—La jeune personne et la nourrice auxquelles vous pensez.
—Comment est le jardin? demanda Minoret.
—En y entrant par le petit escalier qui descend sur la rivière, il se trouve à droite une longue galerie en briques dans laquelle je vois des livres, et terminée par un cabajoutis orné de sonnettes en bois et d'œufs rouges. A gauche le mur est revêtu d'un massif de plantes grimpantes, de la vigne vierge, du jasmin de Virginie. Au milieu se trouve un petit cadran solaire. Il y a beaucoup de pots de fleurs. Votre pupille examine ses fleurs, les montre à sa nourrice, fait des trous avec un plantoir et y met des graines... La nourrice râtisse les allées... Quoique la pureté de cette jeune fille soit celle d'un ange, il y a chez elle un commencement d'amour, faible comme un crépuscule du matin.
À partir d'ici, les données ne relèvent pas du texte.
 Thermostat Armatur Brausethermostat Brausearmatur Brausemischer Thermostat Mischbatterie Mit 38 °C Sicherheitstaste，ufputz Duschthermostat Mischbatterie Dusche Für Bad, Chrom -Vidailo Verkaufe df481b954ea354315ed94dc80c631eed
—Pour qui? demanda le docteur qui jusqu'à présent n'entendait rien que personne ne pût lui dire sans être somnambule. Il croyait toujours à de la jonglerie.
—Vous n'en savez rien, quoique vous ayez été dernièrement assez inquiet quand elle est devenue femme, dit-elle en souriant. Le mouvement de son cœur a suivi celui de la nature...
—Et c'est une femme du peuple qui parle ainsi? s'écria le vieux docteur.
—Dans cet état toutes s'expriment avec une limpidité particulière, répondit Bouvard.
—Mais qui Ursule aime-t-elle?
—Ursule ne sait pas qu'elle aime, répondit avec un petit mouvement de tête la femme; elle est bien trop angélique pour connaître le désir ou quoi que ce soit de l'amour; mais elle est occupée de lui, elle pense à lui, elle s'en défend même, elle y revient malgré sa volonté de s'abstenir. Elle est au piano...
—Mais qui est-ce?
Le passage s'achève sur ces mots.